Question #14d2b

1 Answer
Dec 15, 2016

Answer:

From this site we learn that for zinc hydroxide, #K_(sp)=3xx10^-16#.

Explanation:

How did they know this? How else but by measurement? The #K_(sp)# value really should have been included with the problem.

So we write out the solubility equilibrium:

#Zn(OH)_2(s) rightleftharpoonsZn^(2+)+2HO^-#

So, here, #K_(sp)=[Zn^(2+)][HO^-]^2=3xx10^-16#

Given the equilibrium expression, we call the solubility of #Zn(OH)_2#, #S#.

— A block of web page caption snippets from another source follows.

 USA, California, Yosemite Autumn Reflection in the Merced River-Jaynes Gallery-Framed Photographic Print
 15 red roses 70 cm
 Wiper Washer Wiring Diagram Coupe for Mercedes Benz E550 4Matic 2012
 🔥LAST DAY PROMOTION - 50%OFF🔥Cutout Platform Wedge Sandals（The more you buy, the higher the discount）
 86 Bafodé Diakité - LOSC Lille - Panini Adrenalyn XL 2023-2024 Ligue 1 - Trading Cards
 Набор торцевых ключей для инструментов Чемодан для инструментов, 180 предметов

Thus #K_(sp)=[Zn^(2+)][HO^-]^2=Sxx(2S)^2=3xx10^-16#

So we have a cubic to solve:

#4S^3=3xx10^-16#

#S=""^(3)sqrt((3xx10^-16)/(4))=4.22xx10^-6*mol*L^-1#.

To get a gram solubility, we simply multiply this by the molecular mass, #4.22xx10^-6*mol*L^-1xx99.42*g*mol^-1#

#=0.42*mg*L^-1#, i.e. less than #"1 ppm".#

But we are not finished yet. We were asked to find the #pH# of a saturated solution.

Clearly, #[HO^-]=8.44xx10^-6*mol*L^-1#; why clearly?

And thus #pOH=-log_10(8.44xx10^-6)=-(-5.07)=5.07#.

And #pH=14-pOH=8.93#

Does this value of #pH# make sense, given that we dissolve an hydroxide? Why?